Relicario de objetos perdidos y no recuperados: las cabinas telefónicas

No siempre la custodian los libros. Tampoco es patrimonio de pizarras y museos. En ocasiones brota por ensalmo, del simple hecho de vivir, que nunca es simple pero es siempre un hecho. Su naturaleza, de molde curvo, se nos arraiga con la obsesión de una trepadora. Sus ramificaciones, roto el molde, son imprevisibles. La historia íntima, al margen, de extensos hilos enredados, la historia tras las puertas y los jardines, la historia en los portales y azoteas, en los dormitorios, en las ventanas, la historia doméstica pero sin domesticar, nace de un abuelo al que subimos el volumen, de una herida que fue pelea y patio, de un horror al que no suceden los títulos de crédito, de una mandíbula prieta, pero también de objetos que, póstumos, descubren la historia de quienes los usaron.

Así ocurre con las cabinas telefónicas, emblemas de un tiempo que envejece a quien lo convoca. Así ocurre con sus usuarios, perplejos por la llamada de su ausencia. Como en toda revolución, el auge y caída de las cabinas telefónicas mezcló hermosura y brevedad: pioneras de un futurismo traslúcido, hicieron del escondite un arte y, por fin inasibles, grávidas, duraron lo que un globo infantil.

En las pantallas de los cines, hoy acrópolis, las cabinas anunciaban la colocación de bombas, el secuestro de inocentes y la exigencia de un rescate.
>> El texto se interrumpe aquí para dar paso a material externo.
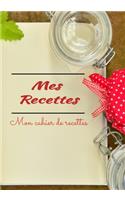Mon cahier de recettes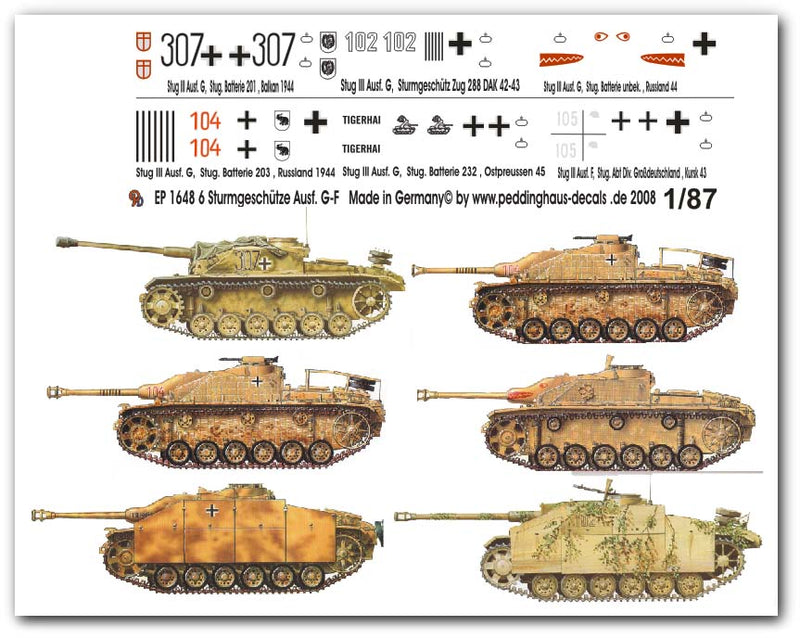Sturmgeschutz III Ausf F-G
En el mundo real, nos permitían llamar a cobro revertido, otra forma de mantener la trama, pero en bolsillos sin fondo ni fondos.

Anticipando la ausencia de respuesta, registrábamos nuestro ánimo como un apellido, seguros de tranquilizar a quien nos escuchara decir: Susana, aquí bien; Sergio, de maravilla en Ámsterdam. Precedente de las llamadas perdidas, nuestro mensaje podía truncar la opción de una respuesta: Pablo, todo guay, no aceptes. Y se calificaban a cobro pervertido las que tenían por nombre una invitación sexual y, como respuesta, un saco adolescente de risas.
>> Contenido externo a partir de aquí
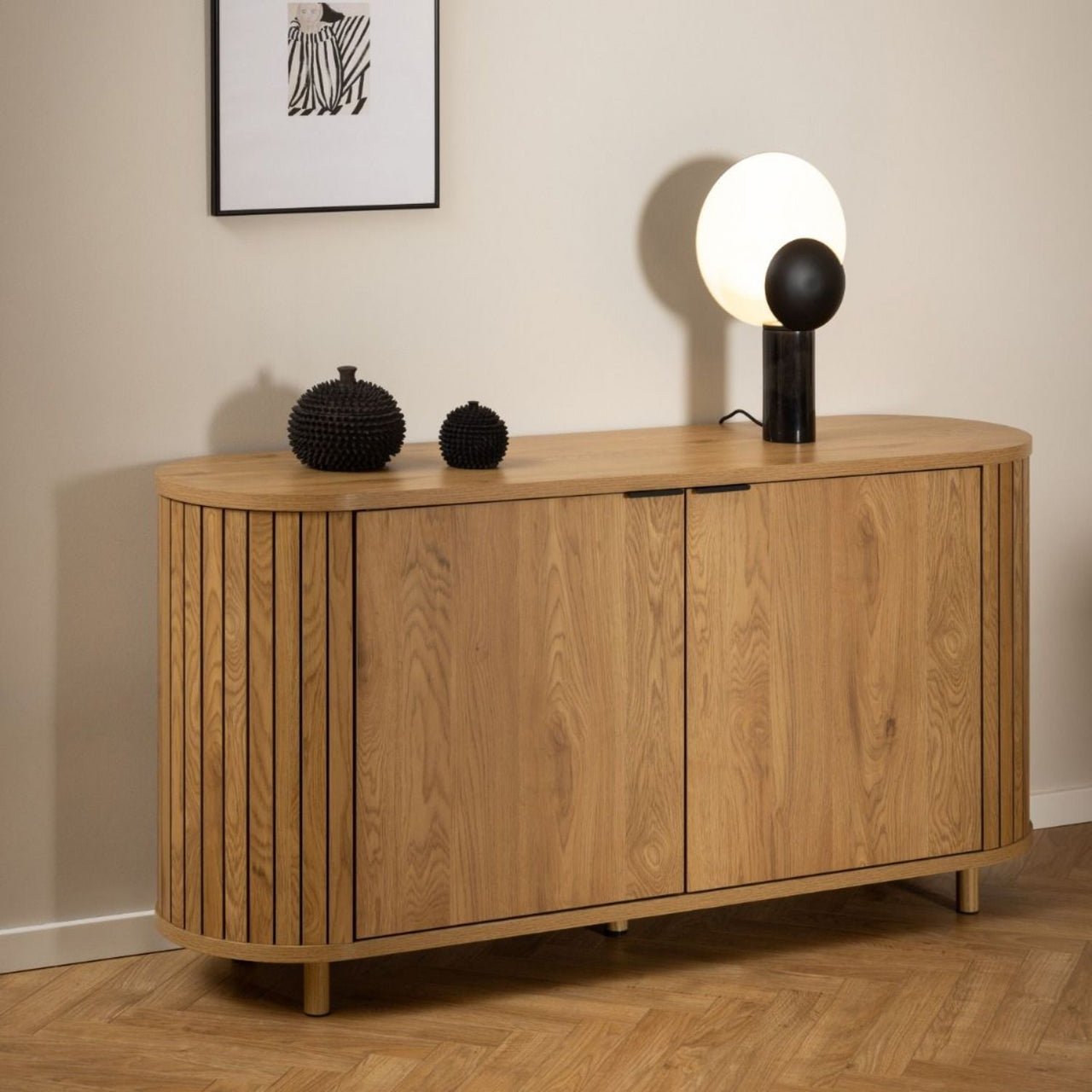 Colima Sideboard, in Oak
El rechazo a nuestra llamada abría dudas sobre su destinatario: ¿llamábamos a un hogar vacío o a uno con problemas, a la vez estridente y sordo? Idénticas dudas acechaban cuando éramos el lado opuesto de la línea, y con frecuencia no había peor culpabilidad que la de volver a casa, descolgar el auricular y oír un nombre sin atender.

Cabinas telefónicas y llamadas a cobro revertido comunican con un mundo que hoy no existe. Lo que permanece es nuestra necesidad de oír historias y sostener su continuidad: sirve de ejemplo el relato de un niño a sus padres al volver a casa, con palabras que saben a merienda.